One of the main stumbling blocks when applying for DBS checks is the identity checking stage. It should be easy to prove who you are, shouldn’t it? For most people it is indeed fairly simple. But the problem is often that the system is very rigid. There are lots of rules about what ID can be used to support an application, and what can’t be accepted. Problems with identification can hold up processing of your certificate, and in the worst-case scenario, could mean missing out on a job. It’s important to understand the rules and take steps to get more ID if you fall short.
The whole idea behind proving your identity is matching the person to the documents. The best way of doing this is by providing photographic evidence linked to a trusted government document. Passports and driving licences are the best possible things to use for this. Only the government issues these documents. When you apply for a driving licence or passport, extensive checks are done into your identity. For people who are living in the UK but have a passport issued by another country, they can use that as proof of identity as long as it has not expired. Driving licences can only be accepted if they are issued by a country within the EU. Other trusted documents in this category are things like biometric residence permits, which again show your photograph along with other personal data.
If you have both a passport and a driving licence, you won’t need to worry about other types of ID to prove your identity. But if you only have one, or neither, there are other options you may have to explore. There is another category of identity documents which the DBS call “trusted government documents”. These include things like an old paper driving licence without your photograph, a birth certificate, marriage certificate or a firearms licence.

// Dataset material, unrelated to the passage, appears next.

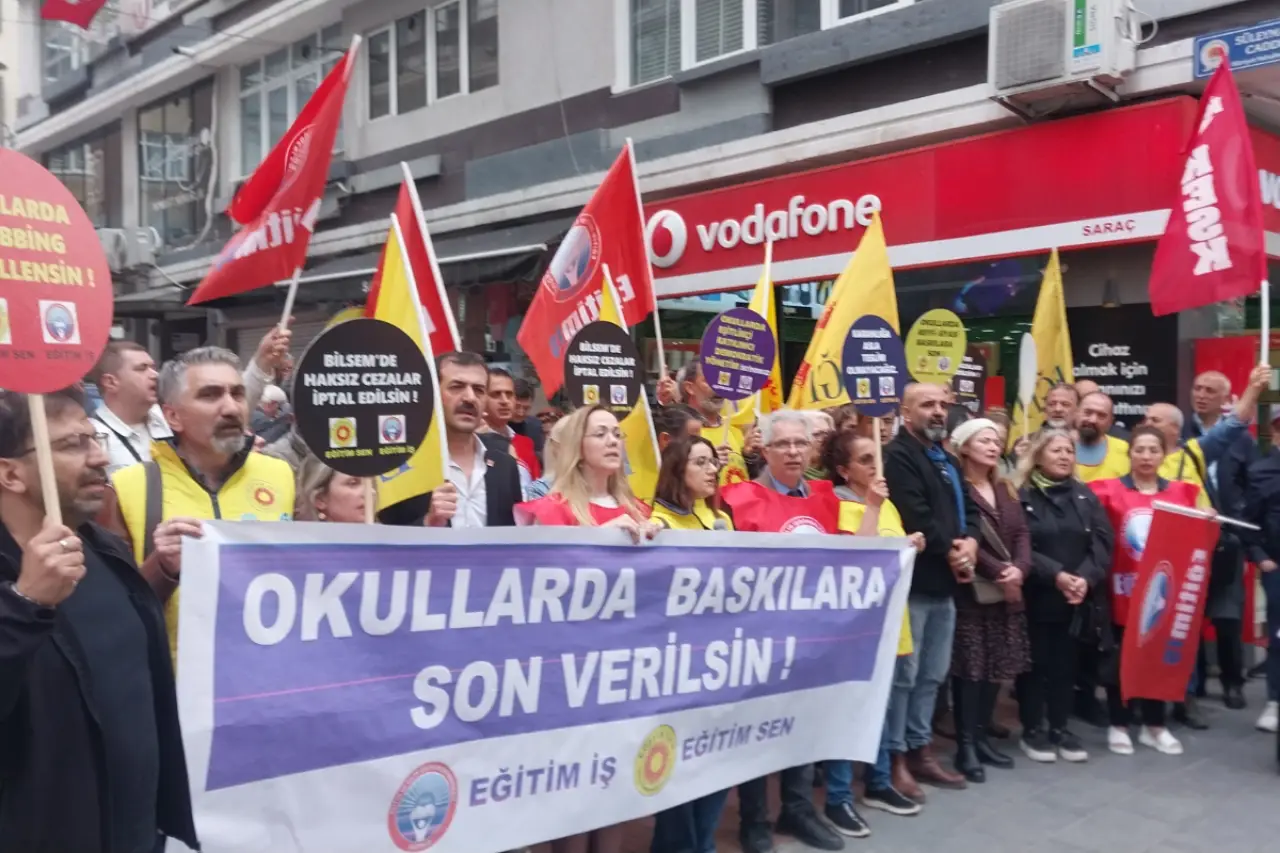 Samsun’da eğitim sendikalarından baskı ve sürgünlere karşı ortak açıklama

One of those, in conjunction with a passport or a driving licence should be enough to satisfy the DBS that you are who you say you are.

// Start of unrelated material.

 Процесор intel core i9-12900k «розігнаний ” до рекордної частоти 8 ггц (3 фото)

Whatever combination of identity documents you present to the DBS, there are a few rules which apply in all cases. All documents have to be valid; you can’t use a passport which has expired, or a driving licence which has been withdrawn because you’ve racked up too many points. You also need to present the originals of all of your documents. Photocopies or photographs cannot be accepted. If you live a long way from the person who is processing your DBS check, you might be able to get copies officially certified rather than sending the originals through the post, but this adds another step to the process.
Not Enough Documentation
One common problem is that people just don’t have the right ID. It’s quite common for a younger person not to have a driving licence or a passport, just a birth certificate. There are ways around this, but the best advice is to contact the DBS, tell them what you do have, and ask them how to proceed.